Nothing but the lines from the start of the entries through the line containing "SDFG 10 Chiếc" should appear in the answer, each given exactly.

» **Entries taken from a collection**
--------------------------------
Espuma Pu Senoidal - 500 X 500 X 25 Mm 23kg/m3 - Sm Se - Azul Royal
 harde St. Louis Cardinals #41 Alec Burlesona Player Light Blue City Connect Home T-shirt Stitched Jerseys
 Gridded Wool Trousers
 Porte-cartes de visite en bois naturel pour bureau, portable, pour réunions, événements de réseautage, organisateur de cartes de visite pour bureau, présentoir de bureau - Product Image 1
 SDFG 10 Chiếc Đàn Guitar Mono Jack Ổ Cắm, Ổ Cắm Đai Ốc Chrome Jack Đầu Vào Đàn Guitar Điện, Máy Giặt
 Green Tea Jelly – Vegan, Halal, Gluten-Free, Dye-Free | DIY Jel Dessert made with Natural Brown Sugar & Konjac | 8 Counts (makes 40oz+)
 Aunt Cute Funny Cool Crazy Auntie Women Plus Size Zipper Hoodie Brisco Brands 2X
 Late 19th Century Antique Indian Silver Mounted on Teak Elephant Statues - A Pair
--------------------------------
» **REPLY TO THE TASK**
Espuma Pu Senoidal - 500 X 500 X 25 Mm 23kg/m3 - Sm Se - Azul Royal
 harde St. Louis Cardinals #41 Alec Burlesona Player Light Blue City Connect Home T-shirt Stitched Jerseys
 Gridded Wool Trousers
 Porte-cartes de visite en bois naturel pour bureau, portable, pour réunions, événements de réseautage, organisateur de cartes de visite pour bureau, présentoir de bureau - Product Image 1
 SDFG 10 Chiếc Đàn Guitar Mono Jack Ổ Cắm, Ổ Cắm Đai Ốc Chrome Jack Đầu Vào Đàn Guitar Điện, Máy Giặt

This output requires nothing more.